### Exercise details
Return every line of the listing below, unchanged, from its first line to the line holding "Star Piercing Ohrstecker", that line included.

### Dataset extract
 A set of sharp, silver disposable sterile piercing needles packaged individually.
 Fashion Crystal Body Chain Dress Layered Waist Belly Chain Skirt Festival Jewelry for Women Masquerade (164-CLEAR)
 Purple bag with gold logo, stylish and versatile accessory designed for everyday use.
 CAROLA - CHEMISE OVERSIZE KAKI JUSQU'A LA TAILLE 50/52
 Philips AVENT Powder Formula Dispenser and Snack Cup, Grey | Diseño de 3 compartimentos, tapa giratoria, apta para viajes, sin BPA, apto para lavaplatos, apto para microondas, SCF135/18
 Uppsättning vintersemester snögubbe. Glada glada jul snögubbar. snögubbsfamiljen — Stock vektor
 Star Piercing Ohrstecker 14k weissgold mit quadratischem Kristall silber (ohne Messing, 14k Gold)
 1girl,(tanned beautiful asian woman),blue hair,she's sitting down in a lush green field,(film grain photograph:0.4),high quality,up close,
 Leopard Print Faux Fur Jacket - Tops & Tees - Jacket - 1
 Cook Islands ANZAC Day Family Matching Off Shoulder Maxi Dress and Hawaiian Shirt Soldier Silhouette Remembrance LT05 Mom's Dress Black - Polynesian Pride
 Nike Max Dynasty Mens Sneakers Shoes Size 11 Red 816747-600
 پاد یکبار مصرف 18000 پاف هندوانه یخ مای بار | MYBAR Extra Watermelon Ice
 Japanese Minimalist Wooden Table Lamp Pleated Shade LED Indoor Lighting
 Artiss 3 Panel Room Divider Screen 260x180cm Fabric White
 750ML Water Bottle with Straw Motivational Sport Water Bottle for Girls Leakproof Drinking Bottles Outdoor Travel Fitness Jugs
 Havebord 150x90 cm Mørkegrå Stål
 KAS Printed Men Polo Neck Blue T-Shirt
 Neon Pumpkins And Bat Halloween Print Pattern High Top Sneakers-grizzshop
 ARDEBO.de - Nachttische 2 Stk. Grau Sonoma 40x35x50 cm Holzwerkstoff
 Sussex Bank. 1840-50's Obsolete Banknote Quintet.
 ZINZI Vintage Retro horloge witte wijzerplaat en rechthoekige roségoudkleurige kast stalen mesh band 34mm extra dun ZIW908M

### Task result
 A set of sharp, silver disposable sterile piercing needles packaged individually.
 Fashion Crystal Body Chain Dress Layered Waist Belly Chain Skirt Festival Jewelry for Women Masquerade (164-CLEAR)
 Purple bag with gold logo, stylish and versatile accessory designed for everyday use.
 CAROLA - CHEMISE OVERSIZE KAKI JUSQU'A LA TAILLE 50/52
 Philips AVENT Powder Formula Dispenser and Snack Cup, Grey | Diseño de 3 compartimentos, tapa giratoria, apta para viajes, sin BPA, apto para lavaplatos, apto para microondas, SCF135/18
 Uppsättning vintersemester snögubbe. Glada glada jul snögubbar. snögubbsfamiljen — Stock vektor
 Star Piercing Ohrstecker 14k weissgold mit quadratischem Kristall silber (ohne Messing, 14k Gold)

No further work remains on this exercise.